1. Write one uppercase letter on each tag board square until all the letters have been used.

2. Bend the paper clip to create a hook.

3. Tape the paper clip hook to the back of each letter square, making sure that one half is sticking out of the top of the square.

Directions to Play

1. Tie one end of the yarn to a solid stationary object, such as the handle of a closed door. Hold the other in your hand.

2. Slide a letter card and hook onto the yarn near your hand. Pull the yarn tight.

3. Raise your arm and watch the letter soar.

4. As the letter zips across the room, make its sound. Example: BBBBB, MMMMM or ZZZZZZZZZZZZZZZZZZ!

5. Build another zip line parallel to the first.

6. Invite a friend or family member to race letters.

Game Variations

* String the letters on in order or zoom your name.

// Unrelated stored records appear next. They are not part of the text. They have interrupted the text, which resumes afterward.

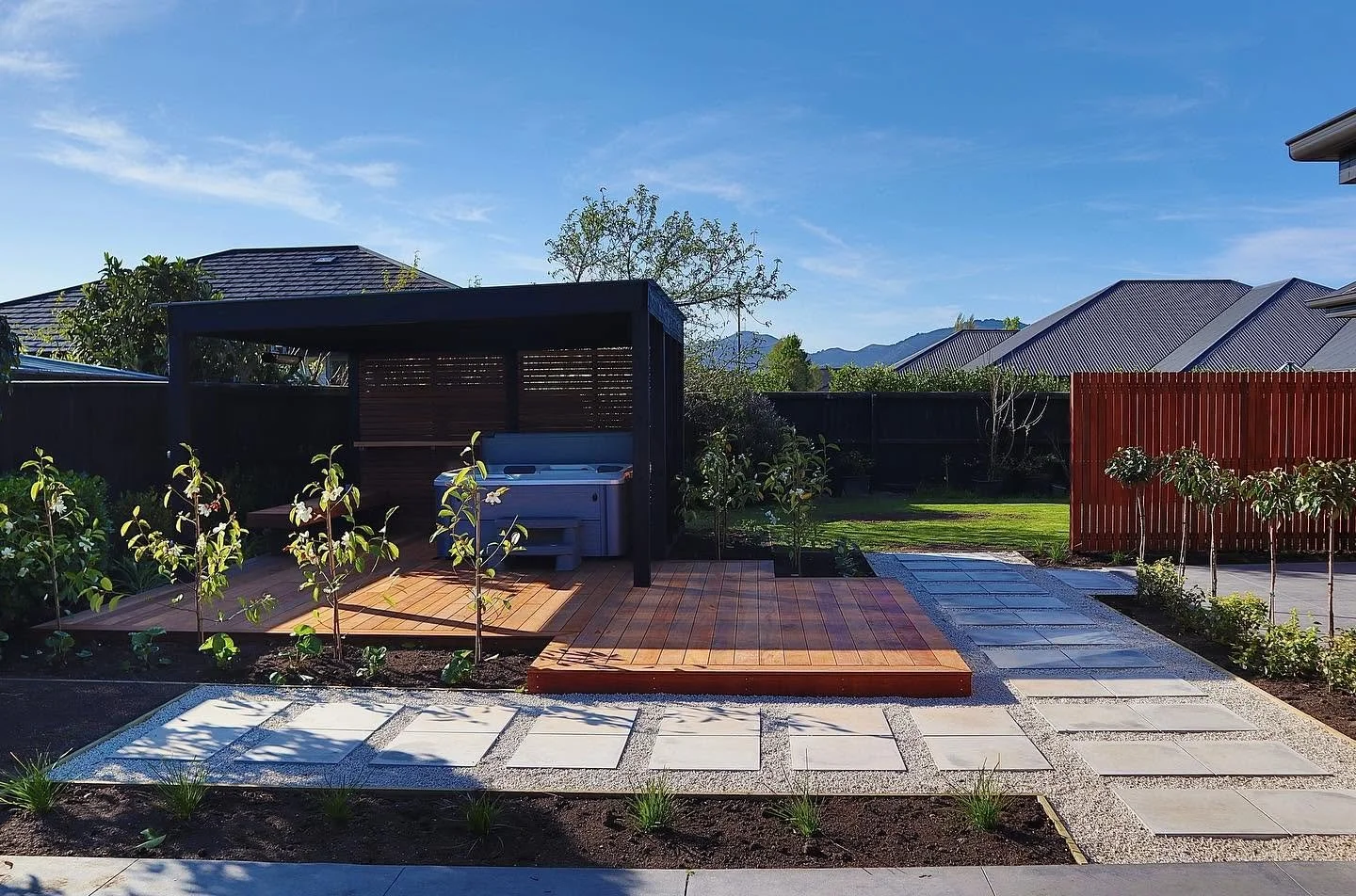 Backyard with landscaped garden, gray stone pathway, wooden deck, small trees, and a privacy fence under clear blue sky.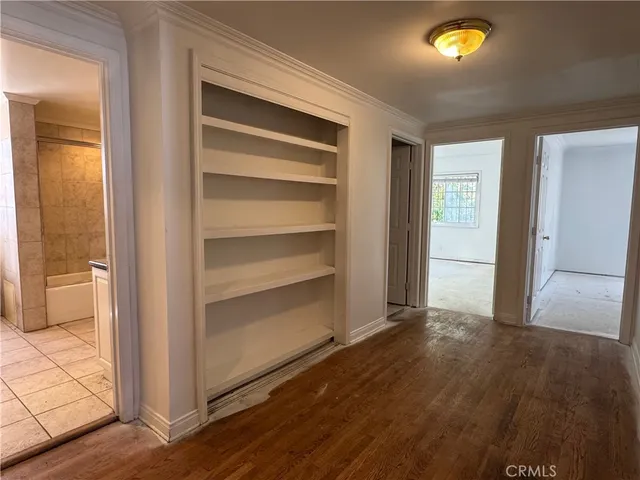 a view of empty room with wooden floor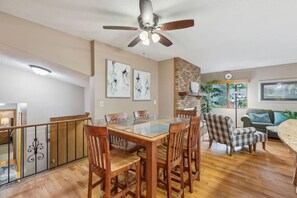 Un coin repas avec une table à plateau en verre, des chaises en bois, un ventilateur de plafond et un mur décoratif en briques.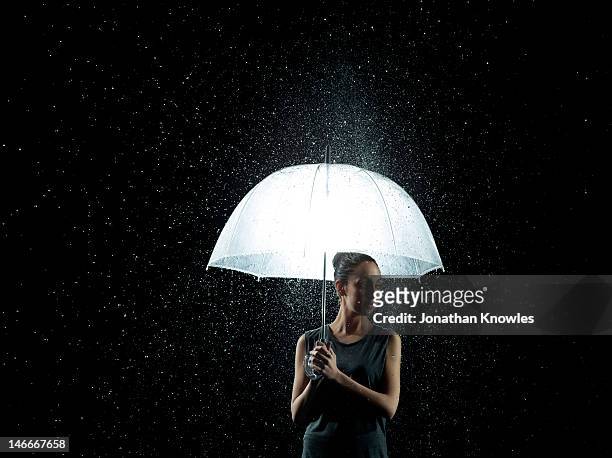 woman under umbrella in rain - opposite directions stock pictures, royalty-free photos & images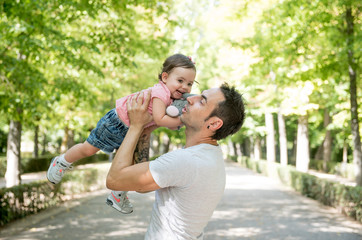 Beautiful baby in the park with her father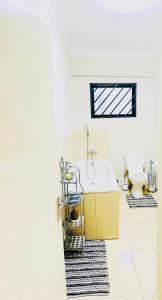 a bathroom with a sink and a toilet at Graceful Getaway Air B&B in Rundu +16 photos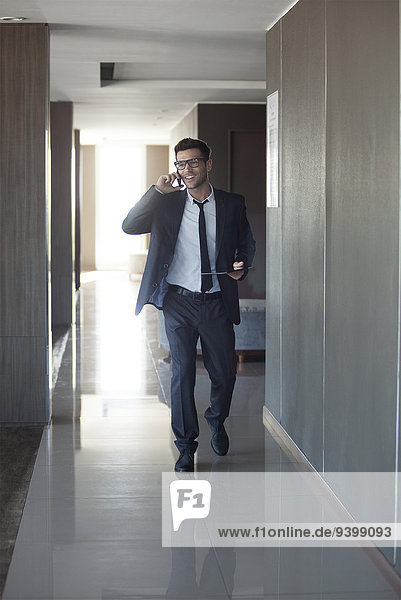 Young businessman talking on phone while walking through office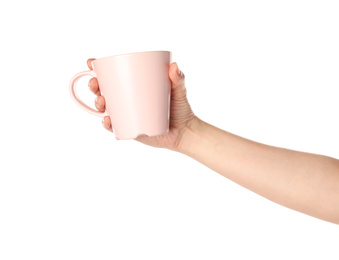 Woman holding pink cup on white background, closeup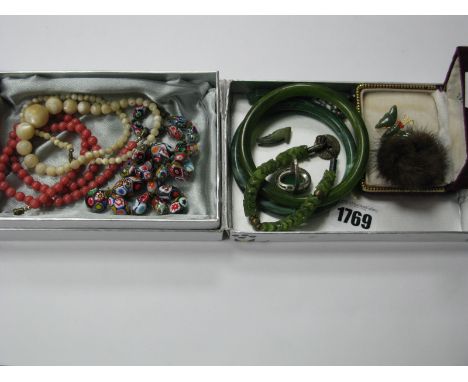 A Jadite Butterfly Brooch; together with further hardstone and Jadite/Jade coloured costume jewellery, including bangles, bra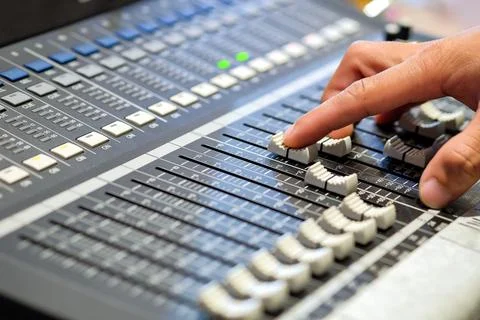 Sound engineer control mixed audio Stock Photos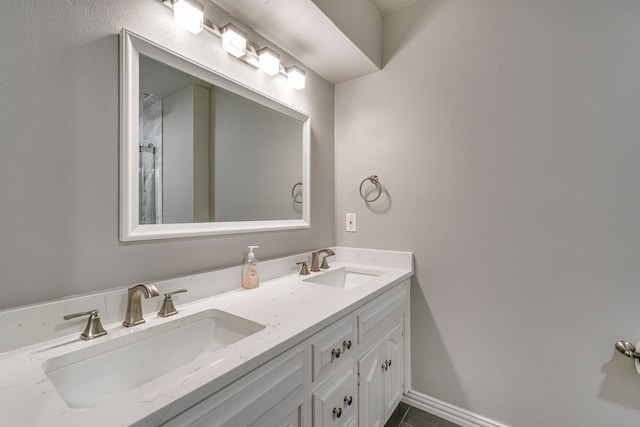 full bath with double vanity, a sink, and baseboards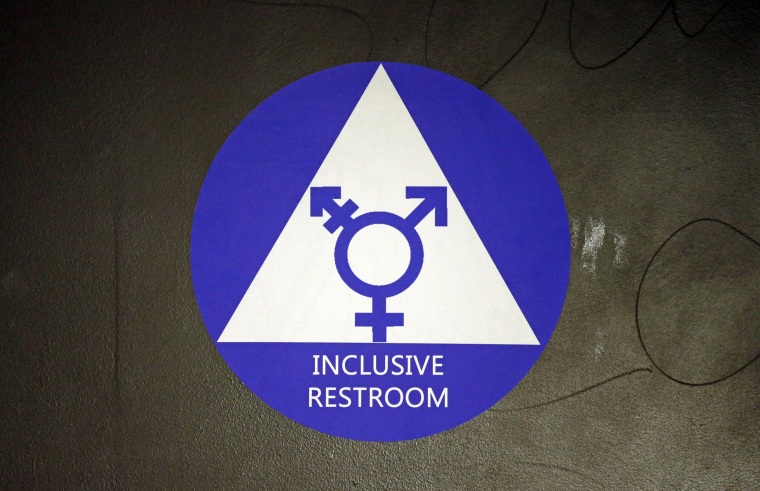 Image: A new sticker designates a gender neutral bathroom at a high school in Seattle.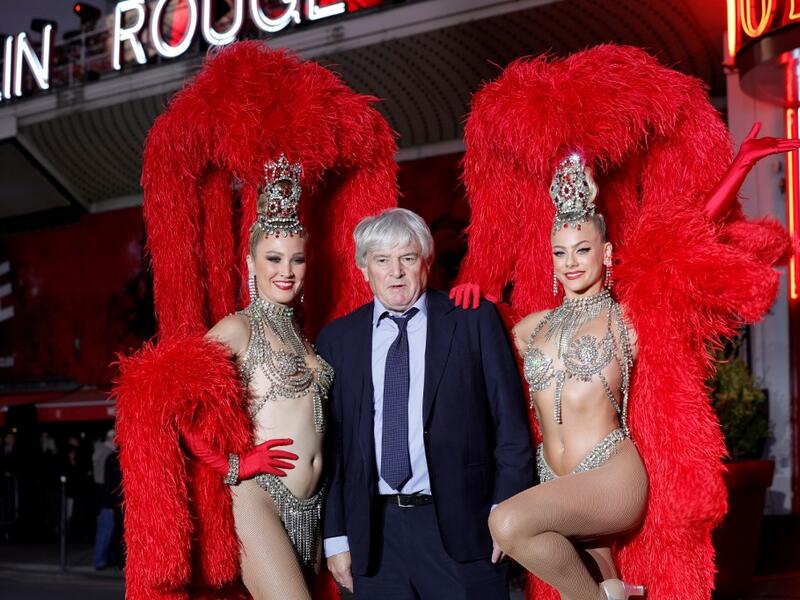 Moulin Rouge cabaret CEO Jean-Jacques Clerico (C) poses with French dancer Mathilde (L) and Australian dancer Rhylee (R) during the celebration of the 130th anniversary of the French oldest cabaret, on October 6, 2019 in Paris.  GEOFFROY VAN DER HASSELT / AFP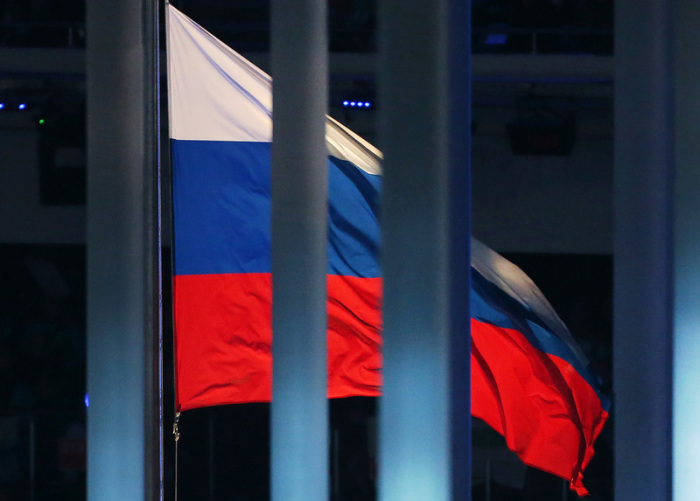 Eine Flagge Russlands weht hinter einem Zaun während der Eröffnungsfeier der Paralympischen Spiele 2014 im Fisht Olympiastadion. Foto: Jan Woitas/Zb/dpa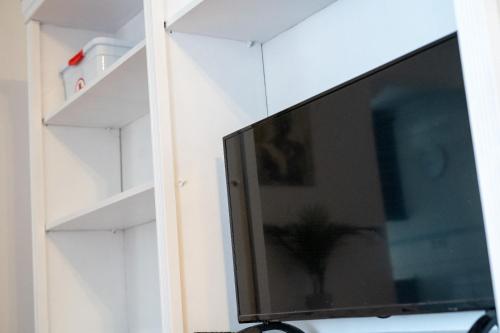 a flat screen tv in a room with shelves at La Casa de Lita in Granada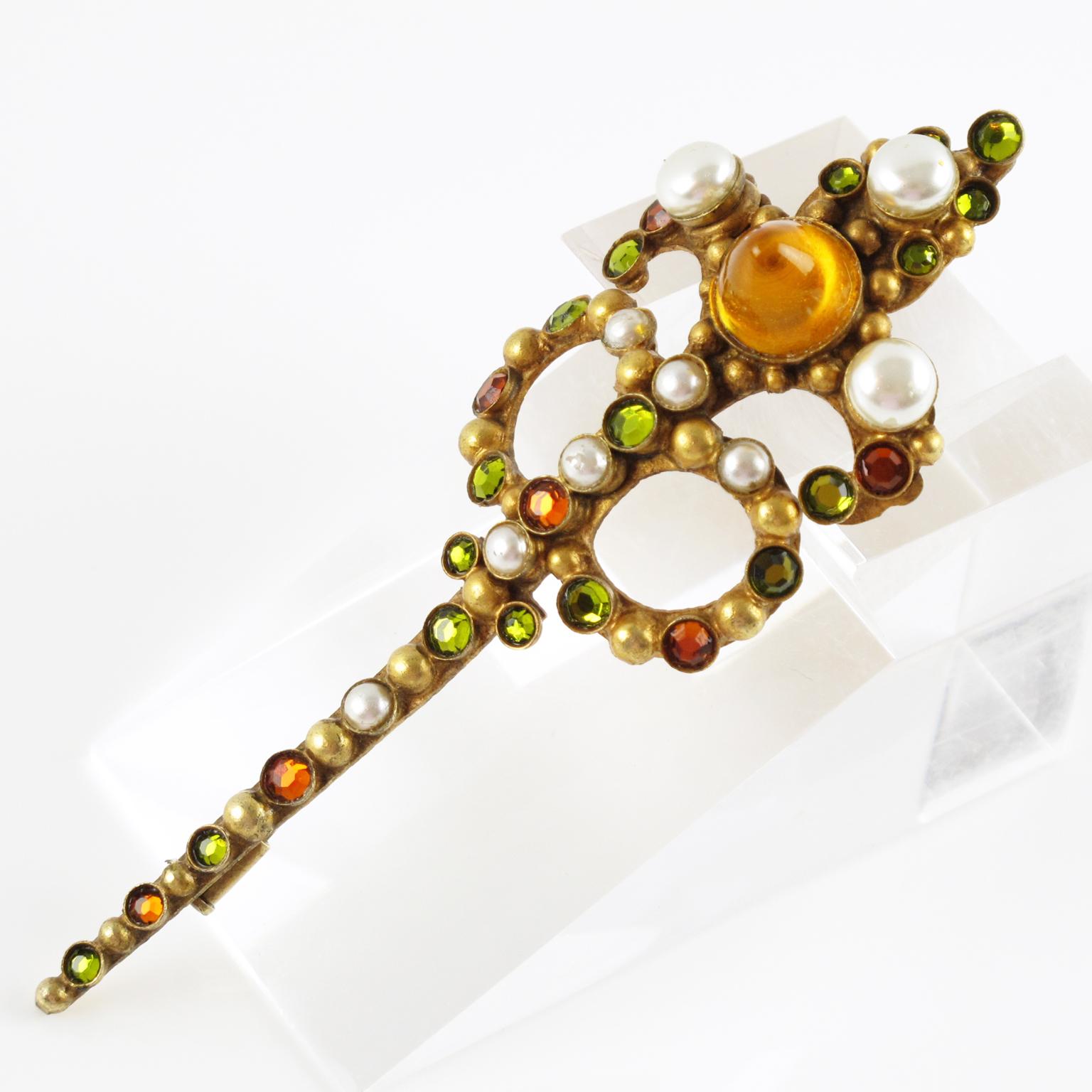 Beautiful French jewelry designer Henry Perichon (also known as Henry) extra long gilt bronze pin brooch. An elongated shape in a Renaissance design influences ornate with simulated pearls, colorful poured glass cabochons, and crystal stones. The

* Put three or more letters together on the zip line to spell a word.

* Pictures with beginning word sounds can zip after the letters.


Learning letter sounds is a splash with this outside water game. Young children need to interact with letters in a variety of ways. This will help them gain familiarity with the way each letter looks and sounds. The goal is for children to see a letter and be able to name the sound instantaneously. If they can name the sound after thinking about it for a while, that is fantastic. Keep playing with the letters to speed up the recognition!

Focus Skill: identifying the most common sound for the letters

Great For: moving while you learn

Spray bottle or water bottle with water

Directions to Make

1. Chalk the outline for 26 fish on the driveway or fence.

2. Write a letter inside each fish.

Directions to Play

1. Call out a letter sound, such as B, that is heard at the beginning of the word big.

2. Have your child spray the letter fish that makes the sound.

3. Continue to call out letter sounds until all have been identified.

Game Variations

* Call out the letter name instead of the letter sound to work on letter identification.

* Use letter cards and have the child first draw a letter from a bucket and find its match to squirt.

* Call out a word and have your child spray the letter fish that makes the first sound in that word.


Memorizing the shapes of letters will quickly help your child learn to identify the alphabet. Players create fun, hands-on letters using glue and string. Once ready, they make the perfect material to hang in alphabetical order for even more letter practice.

Focus Skill: identifying alphabetical order

Wax paper
Sturdy rope
26 clothespins

Directions to Make

1. Cut yarn into pieces of various lengths.

2. Lay out wax paper on a smooth surface for letters to dry on.

3. Have children dip yarn pieces into glue container and then shape wet yarn into letter formations on the wax paper.

4. Allow yarn to dry before playing the game.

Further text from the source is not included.